_YOUR INSTRUCTIONS:_ With the pictures removed, reproduce exactly the lines from the one that contains "Dining Table | Dishware Provided" through the last line of the entries below.

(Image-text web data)
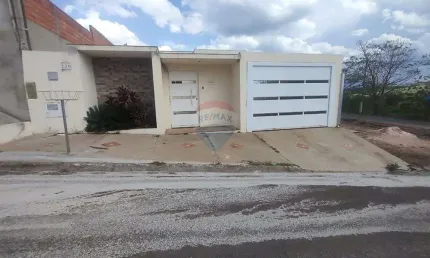 Casa para venda em Pardinho de 110.00m² com 3 Quartos e 1 Garagem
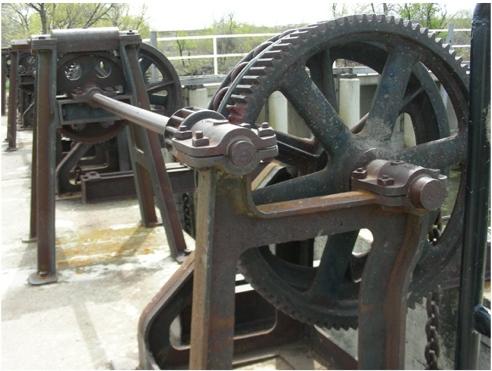 Gears to open and close the headwater gates
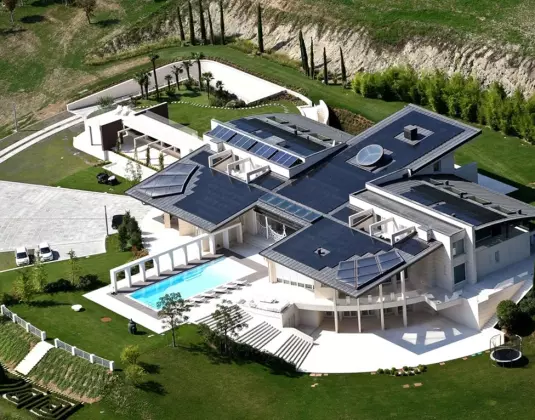 dom z tarsem i basenem inspiracje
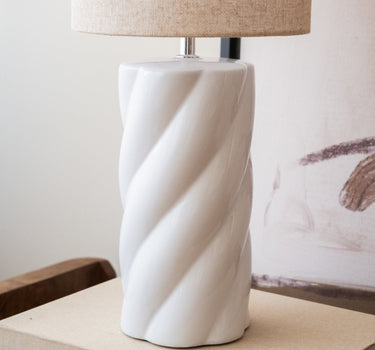 Grote Tafellamp Swirl Ivoor - Things I Like Things I Love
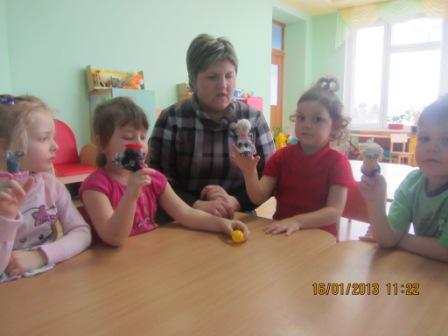 Фото 3. Составление рассказов по играм с пальчиковыми куклами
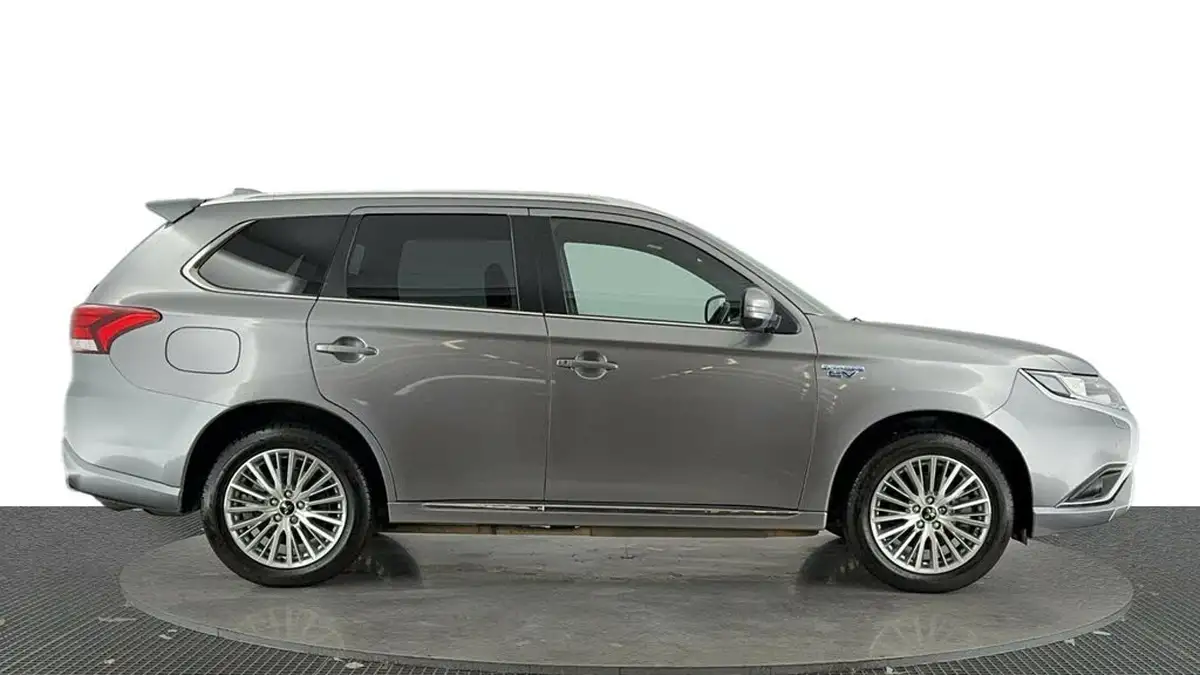 2021-mitsubishi-outlander-24-dynamic-phev-big-2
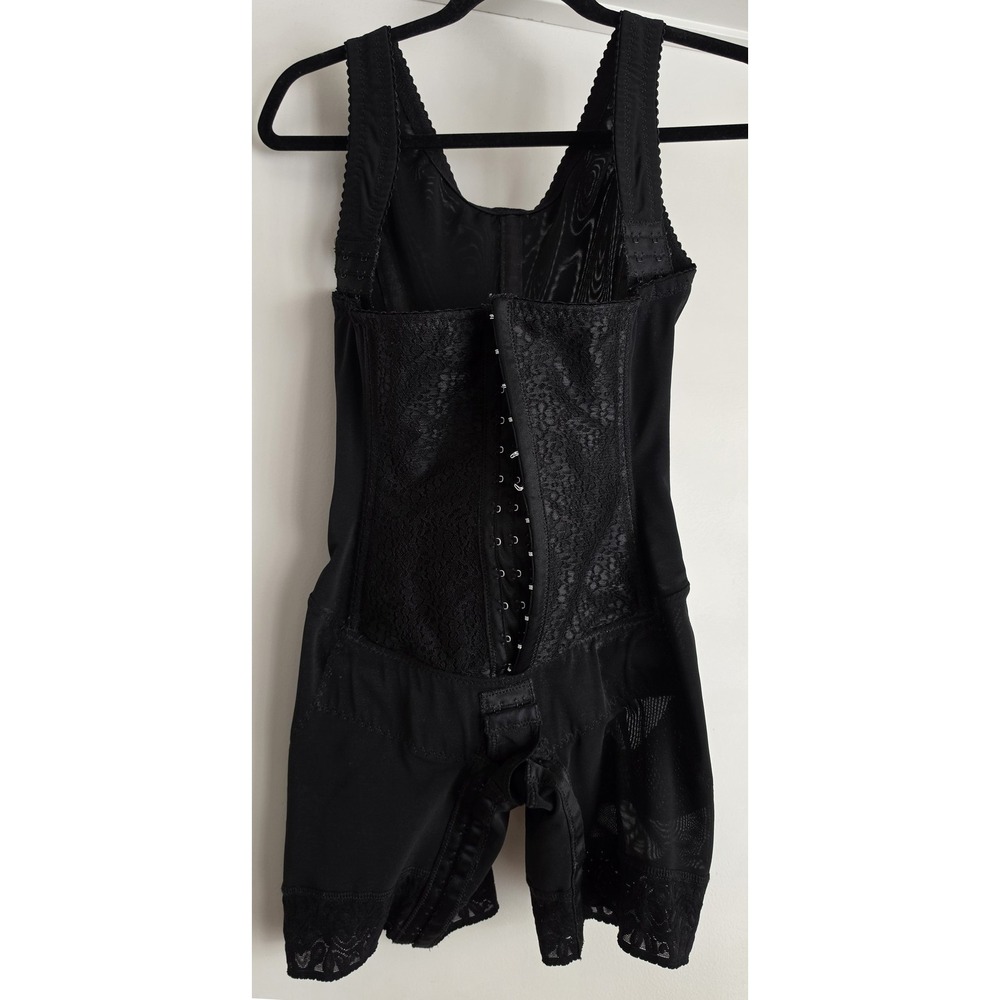 Fancy Firm Shapewear Women Size 30 Black Sleeveless Bodysuit Shaper
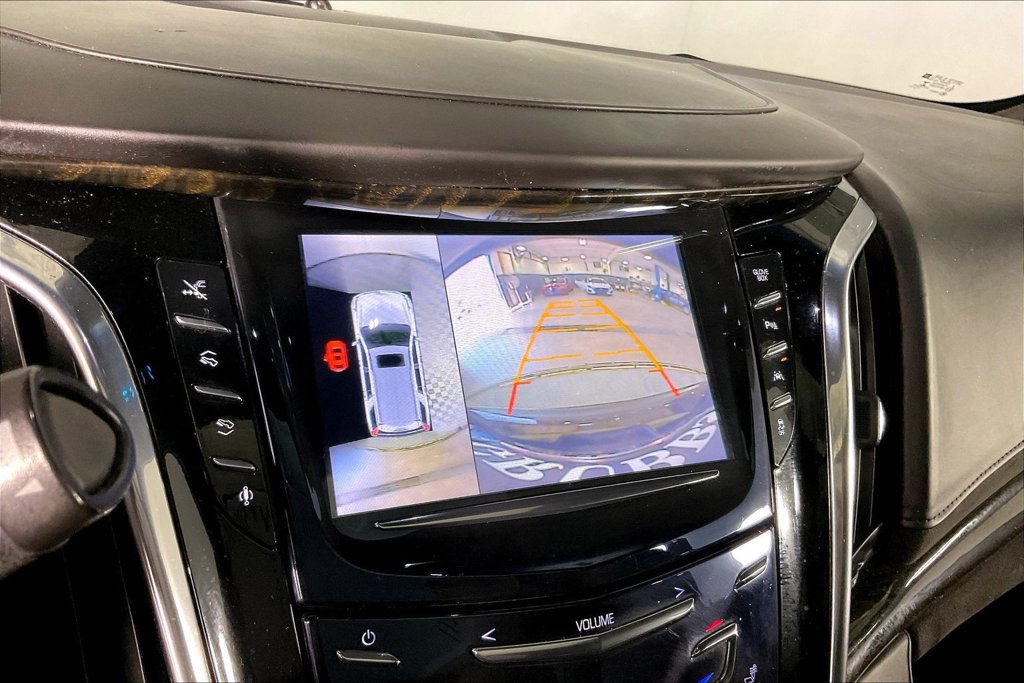 Used 2016 Cadillac Escalade Platinum AWD/4WD image 27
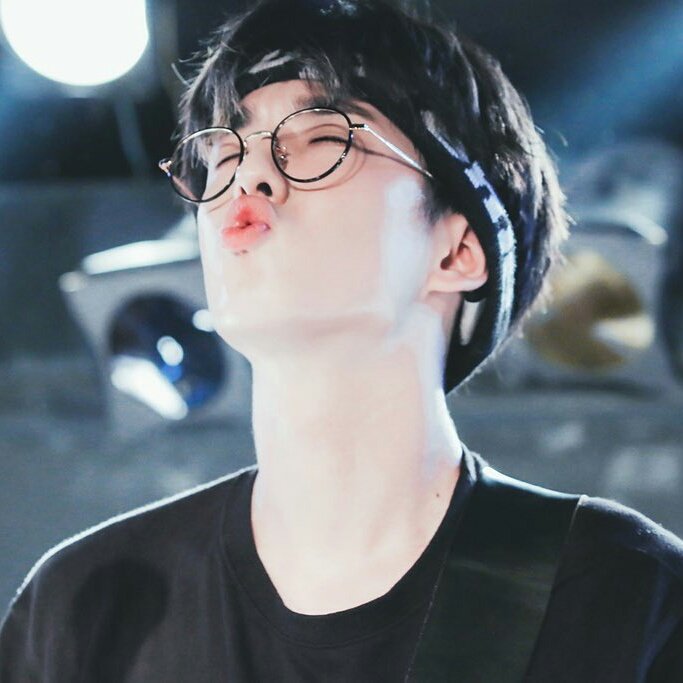 A thread of black-haired Jae https://abs.twimg.com/emoji/v2/... draggable=
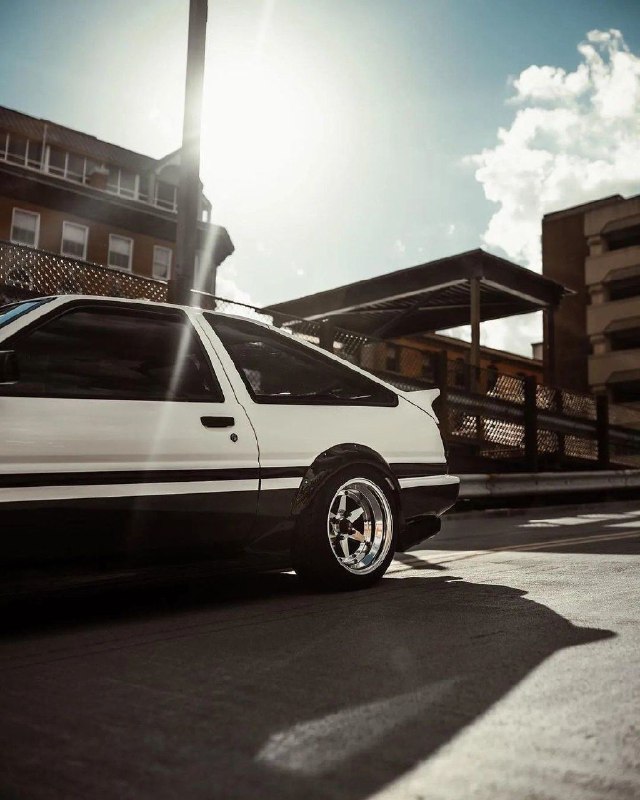 Toyota AE86 4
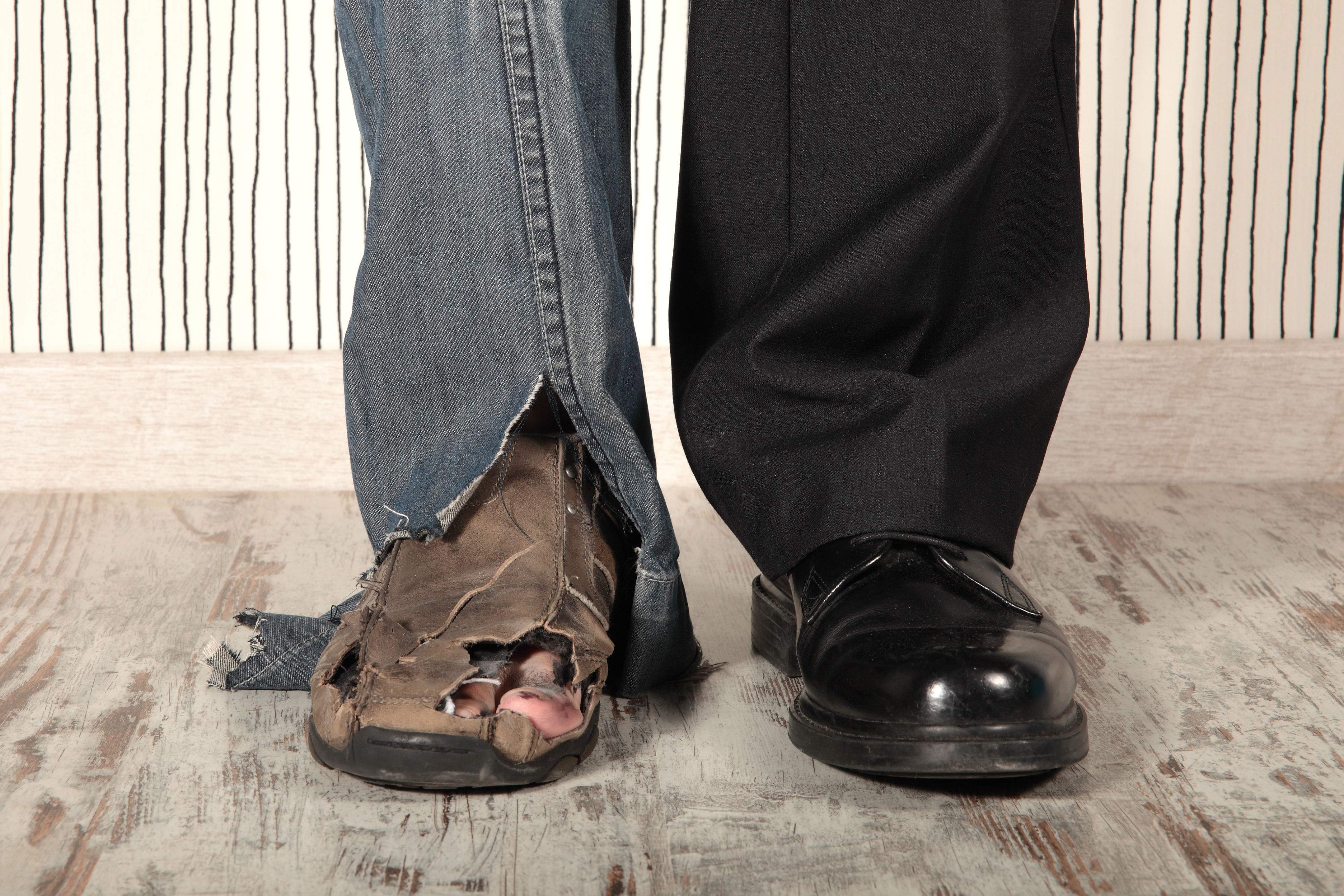 pies-pobre-rico-istock.jpg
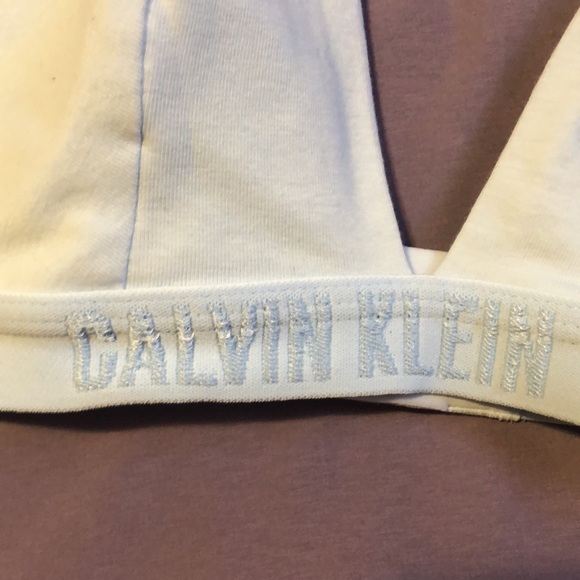 CALVIN KLIEN BRALETTE - NWT light blue -Large - Picture 2 of 6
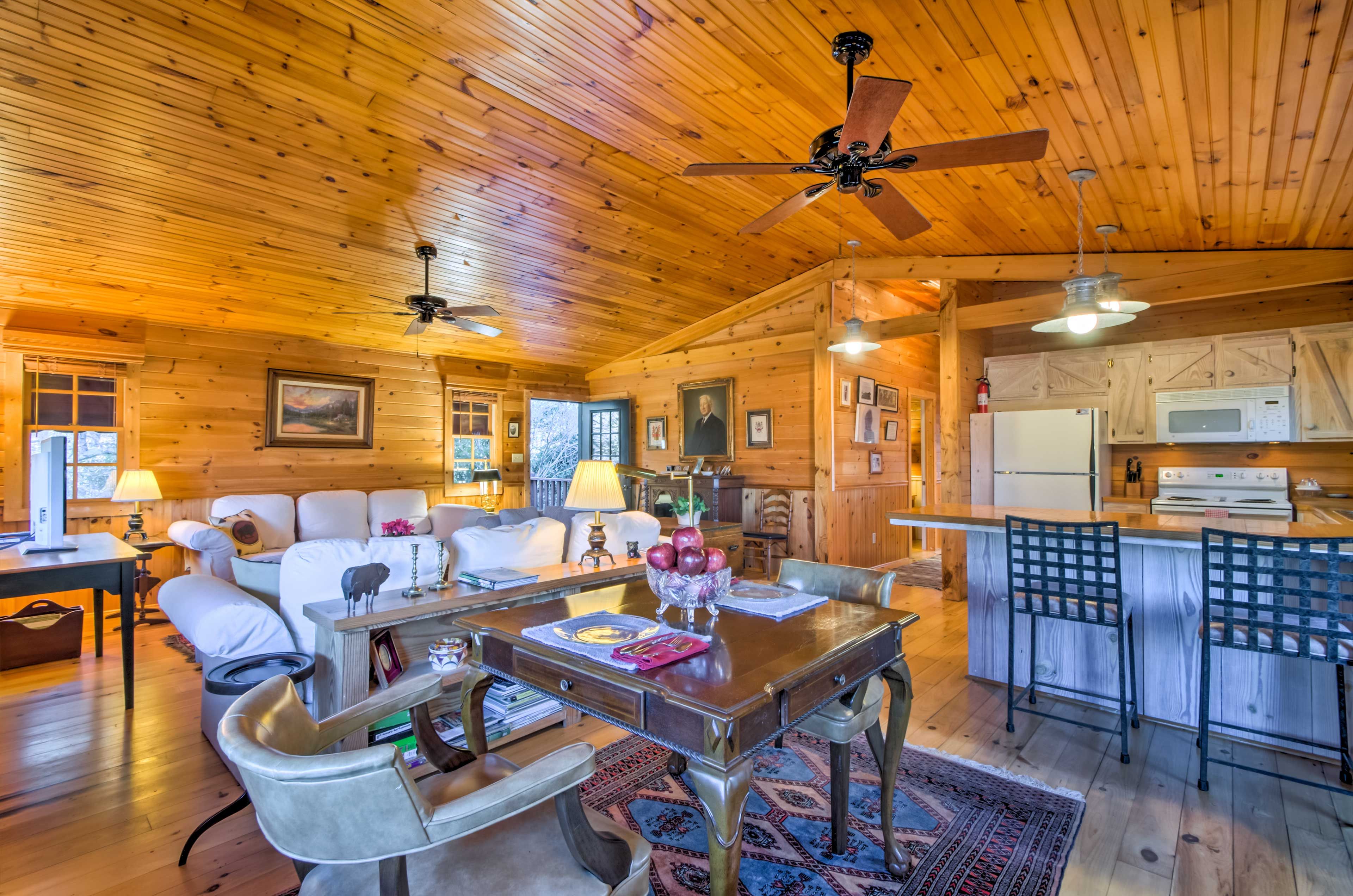 Dining Table | Dishware Provided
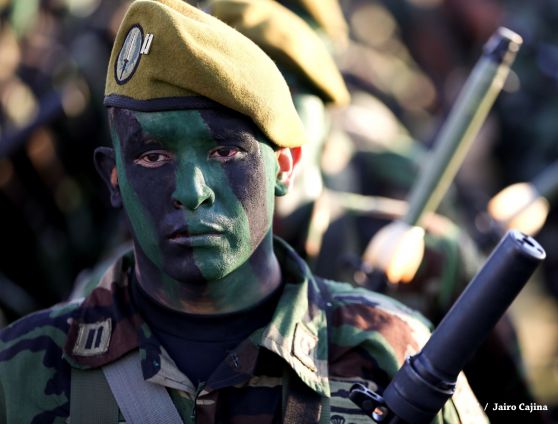 Desfile militar Pueblo-Ejército en Plaza de la Fé "Juan Pablo II"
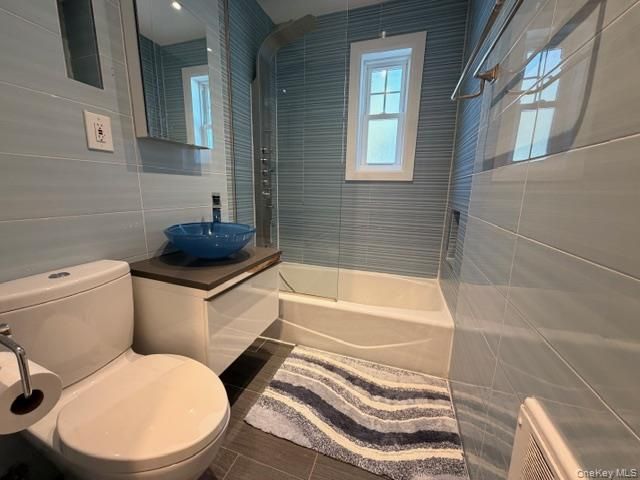 224-39 Kingsbury ave Kingsbury ave A, Bayside, NY 11364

_ANSWER BOX:_
 Dining Table | Dishware Provided
 Desfile militar Pueblo-Ejército en Plaza de la Fé "Juan Pablo II"
 224-39 Kingsbury ave Kingsbury ave A, Bayside, NY 11364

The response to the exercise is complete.